(INPUT MATERIAL Opens)

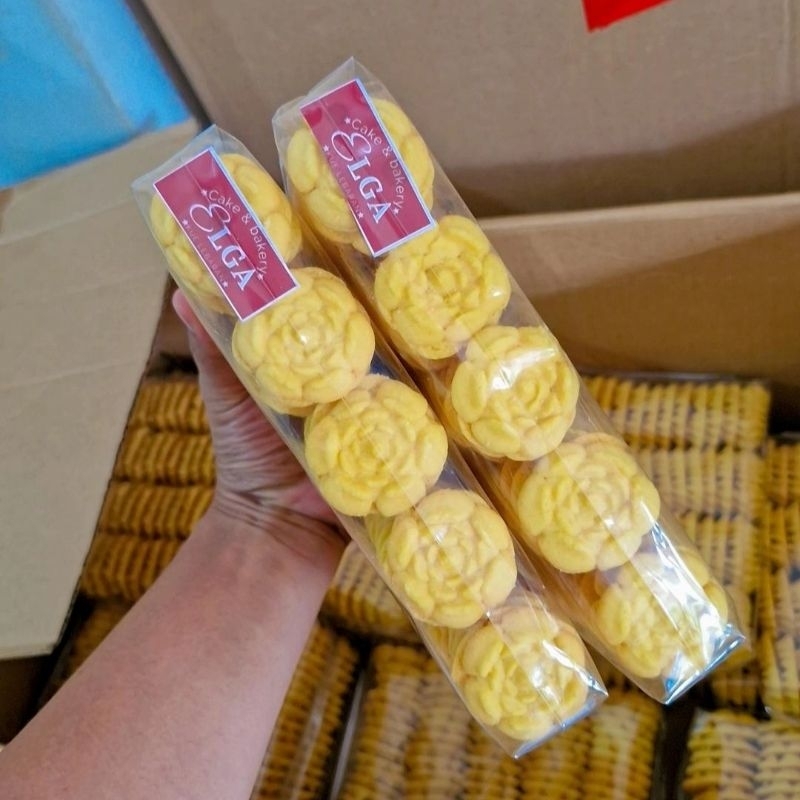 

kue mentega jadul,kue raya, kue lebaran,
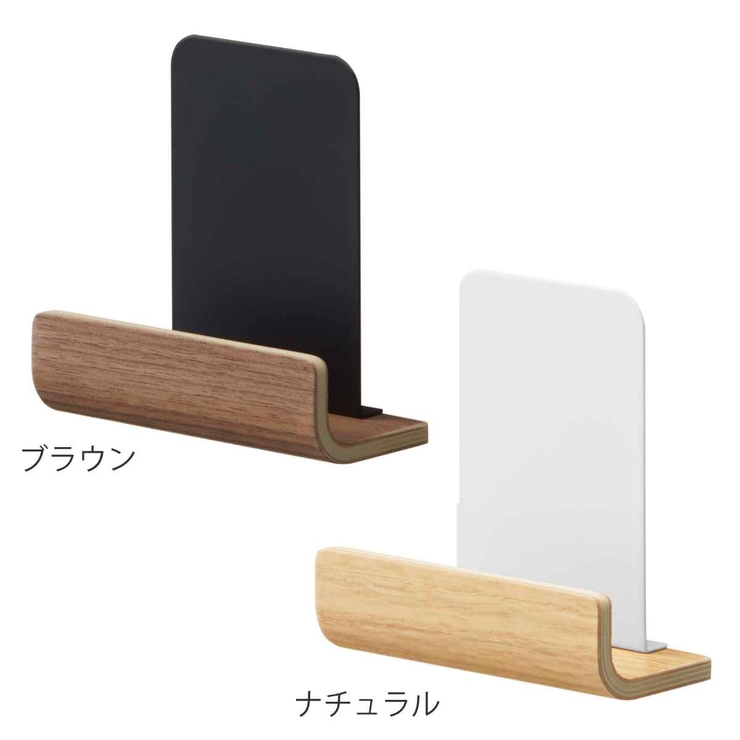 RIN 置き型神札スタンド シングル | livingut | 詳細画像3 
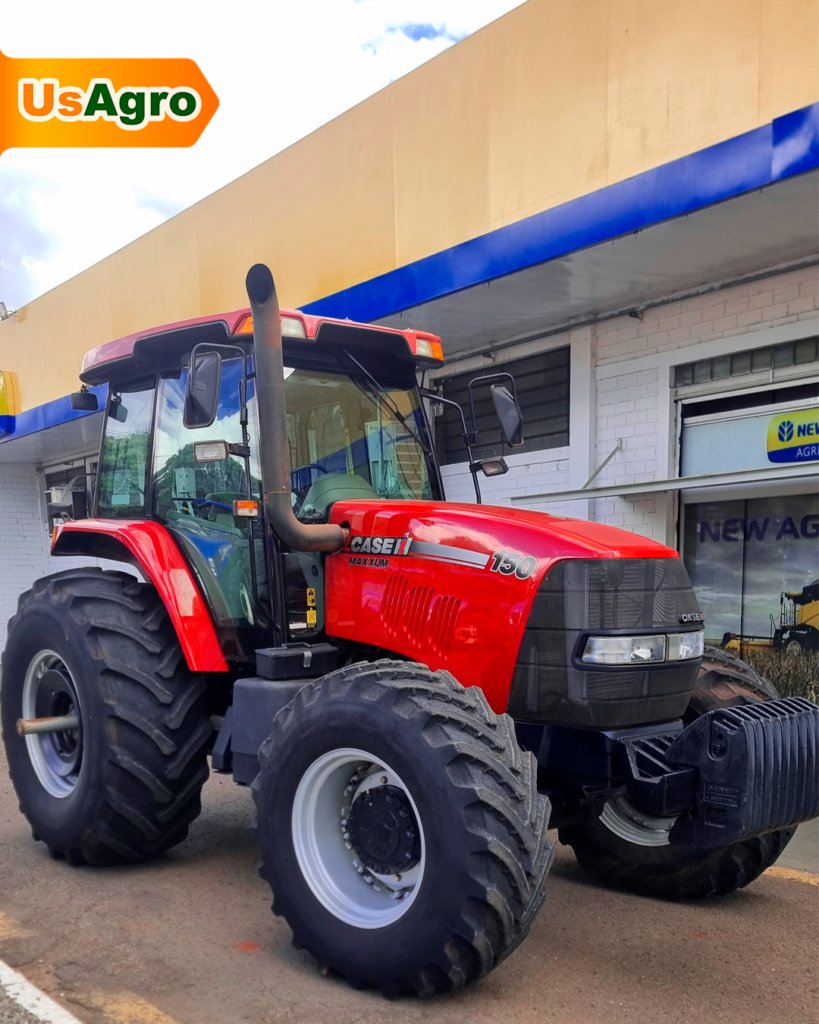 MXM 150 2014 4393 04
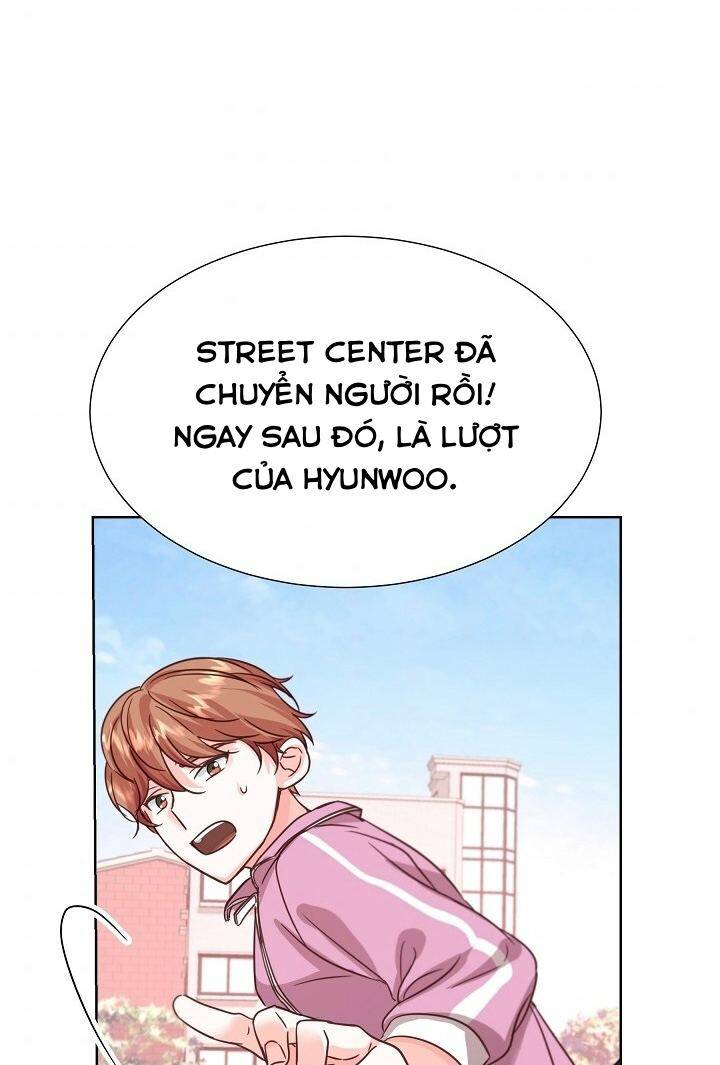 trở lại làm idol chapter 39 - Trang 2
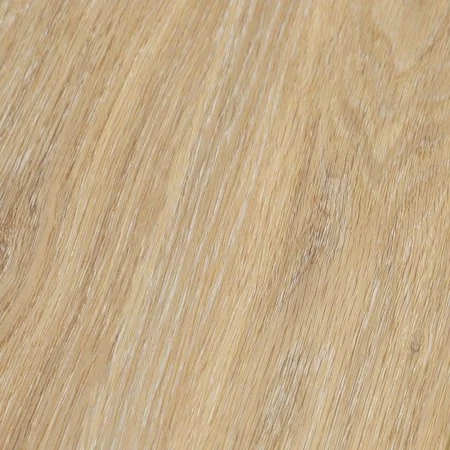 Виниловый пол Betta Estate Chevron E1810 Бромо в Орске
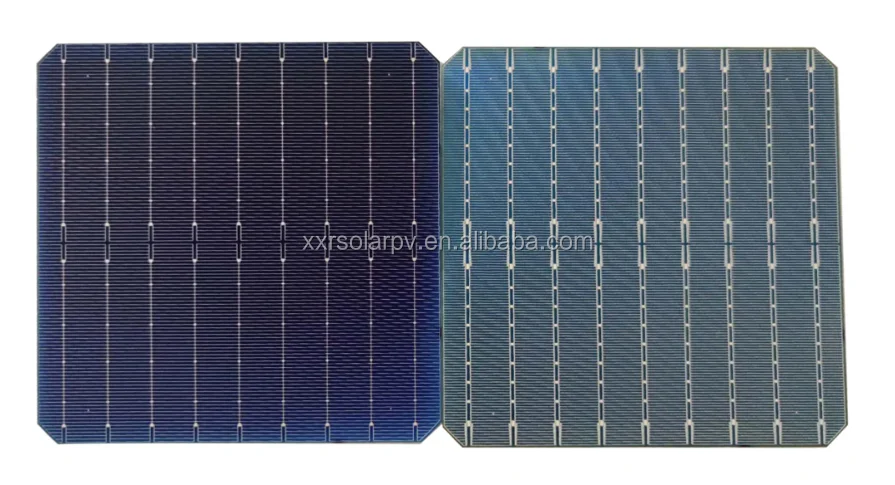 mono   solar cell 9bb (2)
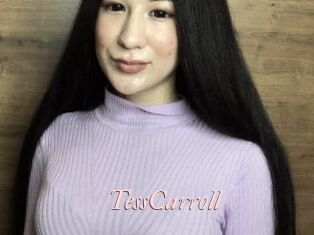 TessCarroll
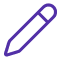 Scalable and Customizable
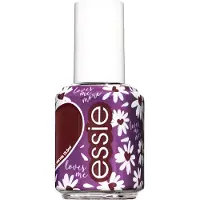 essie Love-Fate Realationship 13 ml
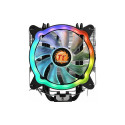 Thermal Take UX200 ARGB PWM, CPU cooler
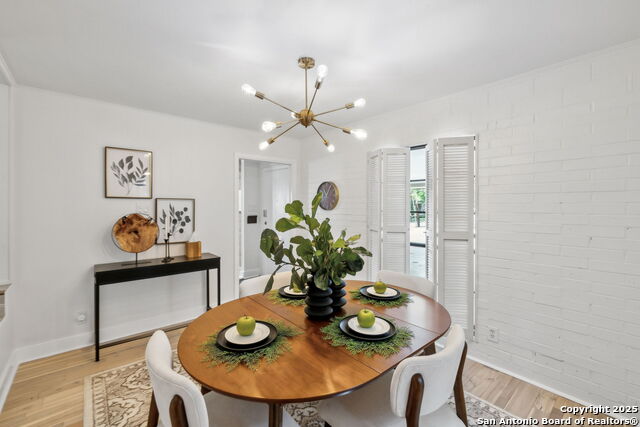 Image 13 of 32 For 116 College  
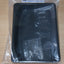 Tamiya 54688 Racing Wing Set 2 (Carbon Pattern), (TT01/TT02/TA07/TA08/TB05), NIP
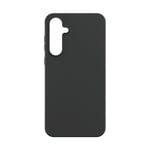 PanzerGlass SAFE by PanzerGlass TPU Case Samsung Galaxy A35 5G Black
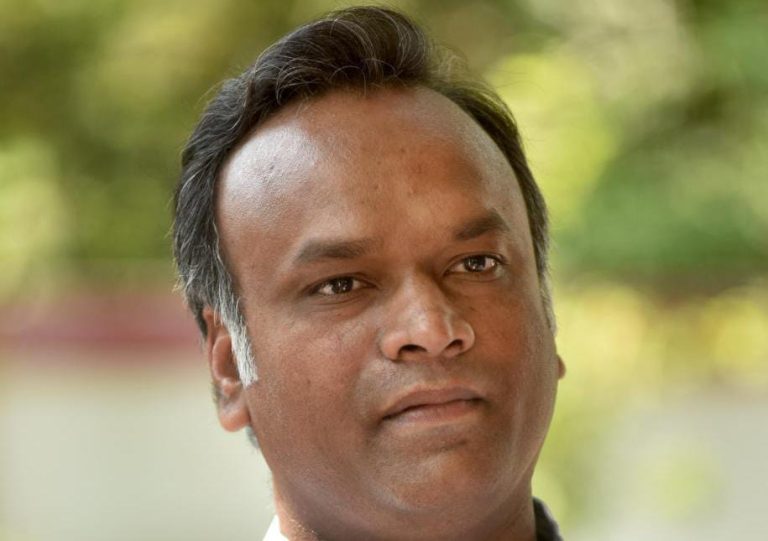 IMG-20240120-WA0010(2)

(INPUT MATERIAL Closes)

> [TASK ITEM]: In your copy, repeat each record exactly and include no pictures.

> [THE COMPLETED TASK]:
kue mentega jadul,kue raya, kue lebaran,
 RIN 置き型神札スタンド シングル | livingut | 詳細画像3 
 MXM 150 2014 4393 04
 trở lại làm idol chapter 39 - Trang 2
 Виниловый пол Betta Estate Chevron E1810 Бромо в Орске
 mono   solar cell 9bb (2)
 TessCarroll
 Scalable and Customizable
 essie Love-Fate Realationship 13 ml
 Thermal Take UX200 ARGB PWM, CPU cooler
 Image 13 of 32 For 116 College  
 Tamiya 54688 Racing Wing Set 2 (Carbon Pattern), (TT01/TT02/TA07/TA08/TB05), NIP
 PanzerGlass SAFE by PanzerGlass TPU Case Samsung Galaxy A35 5G Black
 IMG-20240120-WA0010(2)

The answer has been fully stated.